WORK TO COMPLETE:
Go over the data and work out how many lines include the word "Plus". Give that number only.

START MATERIAL PROVIDED

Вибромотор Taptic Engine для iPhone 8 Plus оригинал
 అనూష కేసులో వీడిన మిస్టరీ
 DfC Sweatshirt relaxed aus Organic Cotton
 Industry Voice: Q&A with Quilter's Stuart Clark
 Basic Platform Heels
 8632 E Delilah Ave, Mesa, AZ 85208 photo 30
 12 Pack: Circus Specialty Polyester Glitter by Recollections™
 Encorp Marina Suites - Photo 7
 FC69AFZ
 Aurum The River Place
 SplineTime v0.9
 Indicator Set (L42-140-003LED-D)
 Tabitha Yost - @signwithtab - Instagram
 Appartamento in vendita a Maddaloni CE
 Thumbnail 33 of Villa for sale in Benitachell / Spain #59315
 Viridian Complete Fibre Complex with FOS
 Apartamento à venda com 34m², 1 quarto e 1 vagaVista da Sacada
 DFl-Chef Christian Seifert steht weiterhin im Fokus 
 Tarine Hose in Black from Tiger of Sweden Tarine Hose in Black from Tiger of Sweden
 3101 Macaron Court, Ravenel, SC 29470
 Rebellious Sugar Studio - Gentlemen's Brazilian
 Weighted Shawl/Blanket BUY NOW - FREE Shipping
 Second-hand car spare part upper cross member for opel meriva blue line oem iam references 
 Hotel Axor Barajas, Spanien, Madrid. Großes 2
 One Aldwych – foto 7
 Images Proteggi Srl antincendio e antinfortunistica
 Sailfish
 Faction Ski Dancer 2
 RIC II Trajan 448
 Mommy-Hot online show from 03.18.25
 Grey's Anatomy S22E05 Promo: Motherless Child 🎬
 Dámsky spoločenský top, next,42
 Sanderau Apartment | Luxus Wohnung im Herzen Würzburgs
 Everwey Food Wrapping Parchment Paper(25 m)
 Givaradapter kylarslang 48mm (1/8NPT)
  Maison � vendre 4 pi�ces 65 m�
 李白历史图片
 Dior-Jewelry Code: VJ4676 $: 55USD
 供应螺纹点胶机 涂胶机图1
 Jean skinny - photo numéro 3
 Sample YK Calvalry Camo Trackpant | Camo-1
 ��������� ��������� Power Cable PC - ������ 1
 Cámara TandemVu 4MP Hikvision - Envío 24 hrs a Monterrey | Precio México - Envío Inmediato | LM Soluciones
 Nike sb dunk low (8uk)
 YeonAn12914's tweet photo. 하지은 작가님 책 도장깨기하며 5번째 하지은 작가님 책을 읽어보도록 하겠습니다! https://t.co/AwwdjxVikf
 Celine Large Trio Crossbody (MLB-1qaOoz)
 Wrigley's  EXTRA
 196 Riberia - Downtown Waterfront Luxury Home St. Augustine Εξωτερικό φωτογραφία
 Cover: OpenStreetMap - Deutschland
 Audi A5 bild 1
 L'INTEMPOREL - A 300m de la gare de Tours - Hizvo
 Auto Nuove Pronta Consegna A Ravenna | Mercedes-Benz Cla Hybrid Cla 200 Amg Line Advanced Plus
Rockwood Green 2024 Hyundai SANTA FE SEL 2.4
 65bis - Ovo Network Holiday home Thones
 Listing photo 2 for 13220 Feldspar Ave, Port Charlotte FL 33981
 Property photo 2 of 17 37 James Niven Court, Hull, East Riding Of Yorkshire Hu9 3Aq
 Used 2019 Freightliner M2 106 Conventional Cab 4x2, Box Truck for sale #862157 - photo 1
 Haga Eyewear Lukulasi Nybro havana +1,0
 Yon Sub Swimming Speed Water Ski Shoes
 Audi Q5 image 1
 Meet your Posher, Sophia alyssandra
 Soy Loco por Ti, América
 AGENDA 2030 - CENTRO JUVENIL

END MATERIAL PROVIDED

TASK SOLUTION:
2